The situation gets a better with an infection rate of 25%…

IR <- 0.25 # infection rate data <- list(FN = (1-TPR)*IR, TP = TPR*IR, FP = (1-TNR)*(1-IR), TN = TNR*(1-IR)) NPV <- round(100 * data$TN / (data$TN + data$FN), 1) # negative predictive value PPV <- round(100 * data$TP / (data$TP + data$FP), 1) # positive predictive value personograph(data, colors = colorlist, fig.title = paste0("PPV = ", PPV, "%, NPV = ", NPV, "%"), n.icons = 500, dimensions = c(20, 25))

…where you can be nearly 90% confident that a positive test result means that you have (had) the virus! All of this shows the massive impact infection rates can have on the predictive value of these tests for individuals.

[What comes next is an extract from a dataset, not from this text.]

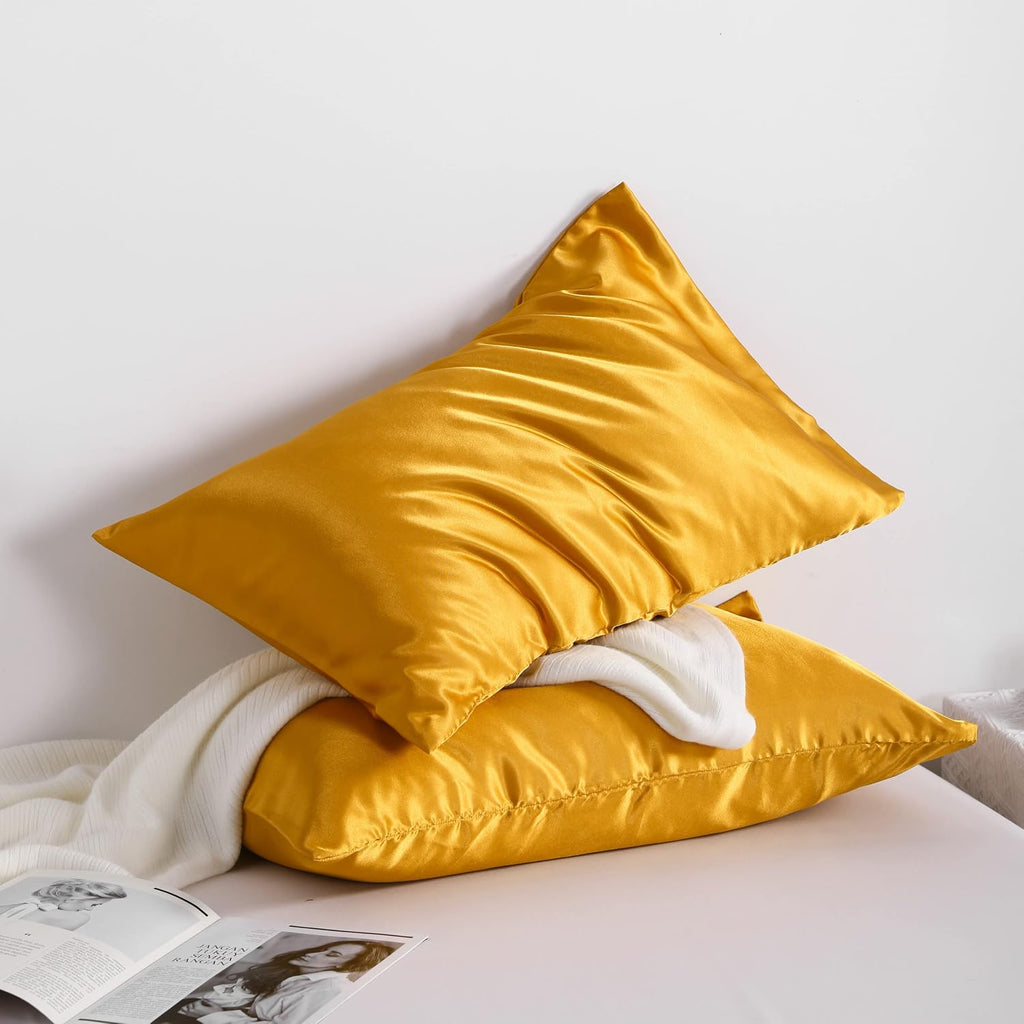 Ntbay 12 Pack Satin King Pillowcases for Hair and Skin, Luxurious and Silky Pillow Cases with Envelope Closure, 20 x 36 Inches, Golden Brow…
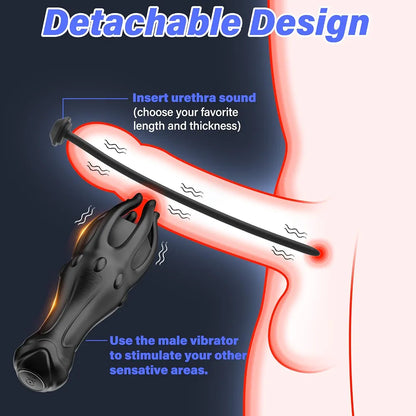 10-Mode Vibrating Penis Stimulator and 6-Piece Urethral Sound Set for Men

If you still doubt this I give you another intuition: the less probable it is that you have (had) the virus (which is the case right now because of the low infection rate) the more evidence you will need to prove the contrary, either by better tests (which we either don’t have at the moment or which are prioritized for the sickest patients) or by additional tests (which are scarcely done because of still limited resources).

On the other hand, if you get a negative result you can be pretty sure that you indeed have not had the virus!

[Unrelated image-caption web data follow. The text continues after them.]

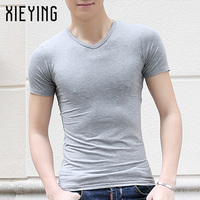 2015年夏季新款莫代尔棉V领短袖T恤  男 鸡心领韩版男装上衣透气
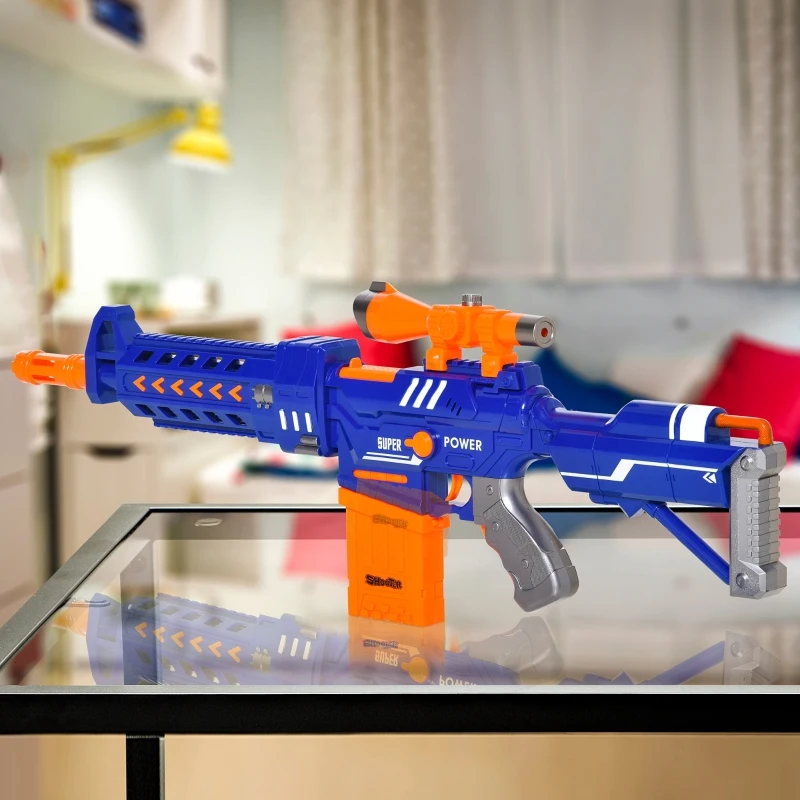 Qaba Automatic Soft Bullet Toy Foam Blaster with 20 EVA Foam Darts and Target Board Game for Boys & Girls 8-12 Years Old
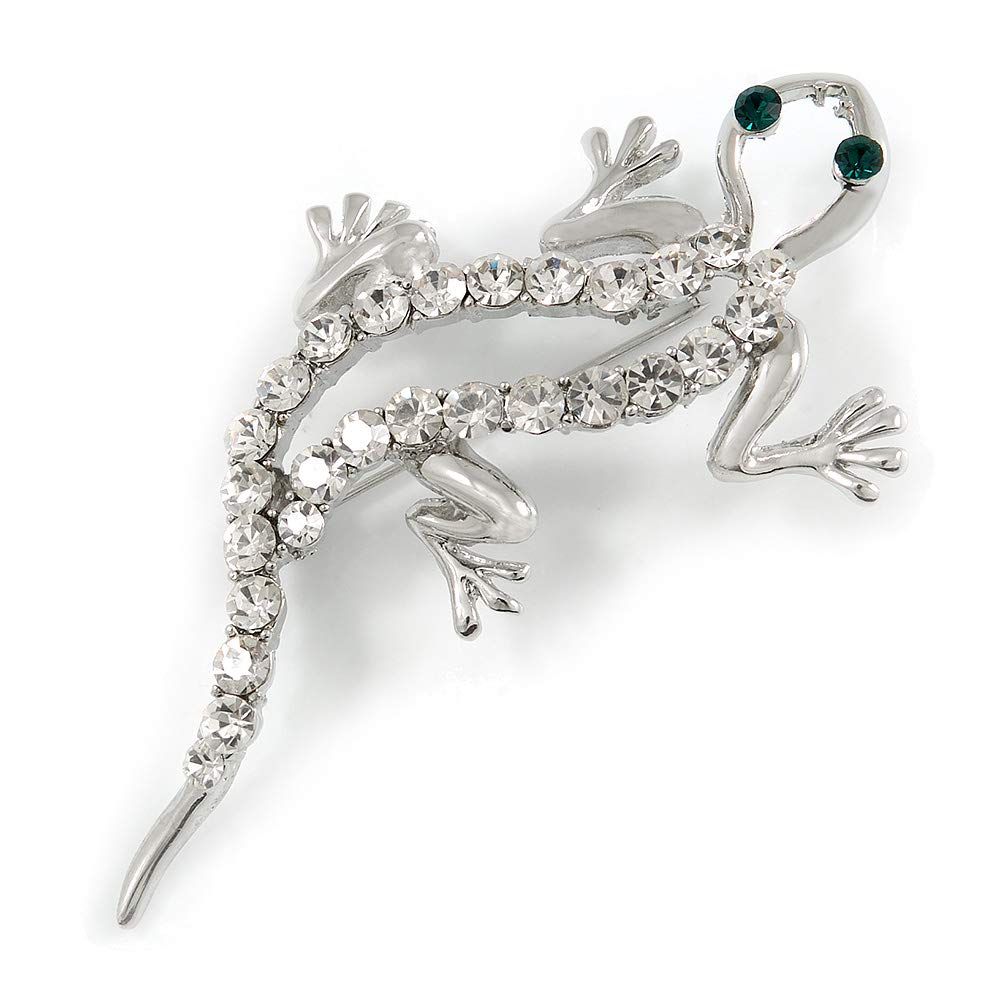 Silver Tone Crystal Lizard With Geen Eyes Brooch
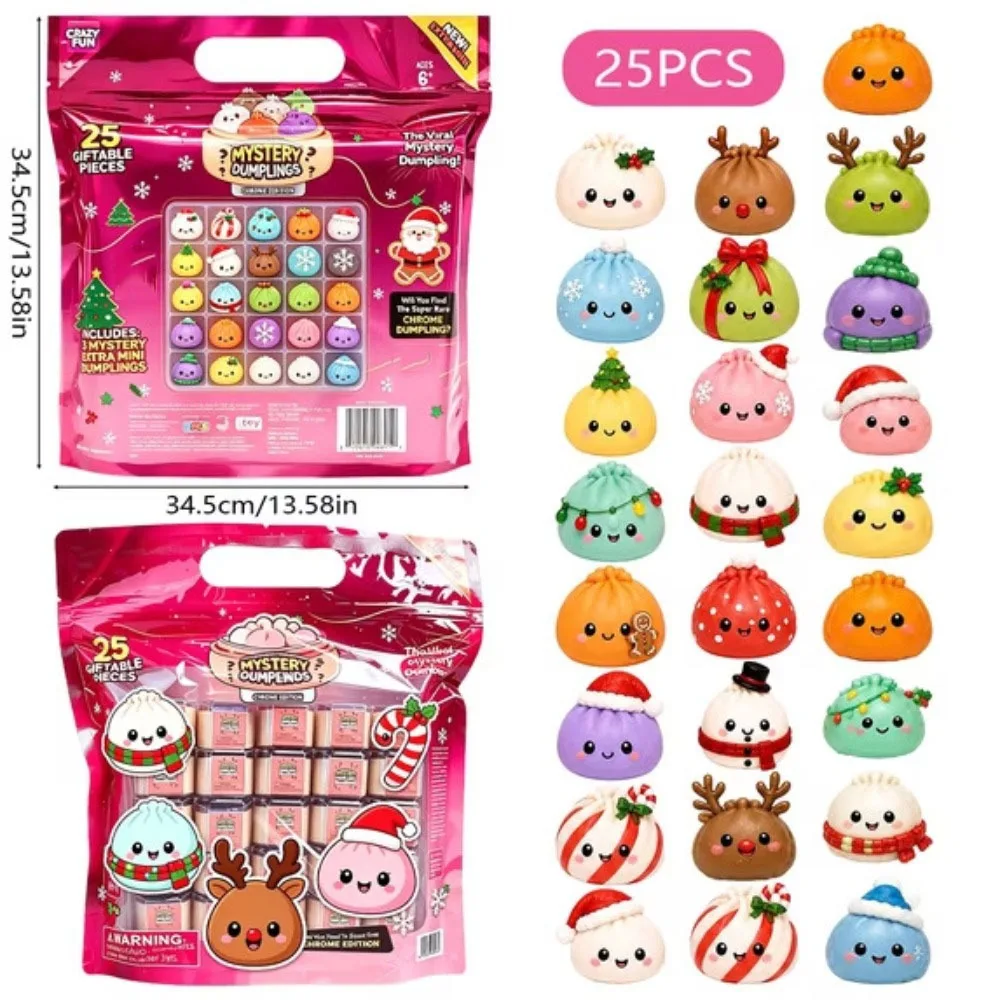 Soft Cute Mini Dumplings Squishy Halloween Christmas Squishy Crystal Bun Pinch With Steamer Fidget Sensory Toy Children Gift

Did you consider that the assay was validated using “True positives”, thus a sample that would represent a higher infection rate? If equal numbers positive controls and negative controls were used in the validation, thus a simulated 50% infection rate, the NPV and PPV calculate to both be 95% using your formulas.

To be honest with you I don’t understand what you are getting at… could you please elaborate?

Method validation is the process of determining if the method is fit for its intended purpose. In this case, the method is for detecting COVID anti-bodies at or above a concentration threshold. For these types of tests, there are two potential outcomes, present or absent, so the method is challenged by analyzing true positives and true negatives. The results of analyzing true positives during validation must result in 95% probability of detection to state the the true positive probability meets that criterion. The same is true for validating the true negative probability. It would be interesting to examine the validation data generated by the kit manufacturers.

I fully agree that screening methods are developed to minimize false negatives at the risk of having false positives, with any positives confirmed by other orthogonal tests/examinations.

Yes, this makes sense… thank you for commenting!

https://jamanetwork.com/journals/jama/fullarticle/2764954

This article describes some of the issues. Of note, “Although commercial manufacturers claim their tests have high sensitivity and specificity, they haven’t published their data yet. This lack of transparency is worrisome, Theel said: “The question is, when following symptom onset were these samples collected to show that sensitivity and specificity?”

Her laboratory has found that most people with SARS-CoV-2 don’t start producing antibodies—or seroconvert—until at least 11 to 12 days after symptom onset. “So, if we were using these rapid lateral flow assays at the point of care to test recently symptomatic patients,…they are more likely than not going to be negative,” she said.”

Another thing that is hastily cobbled together during this crisis, a crisis really on so many levels!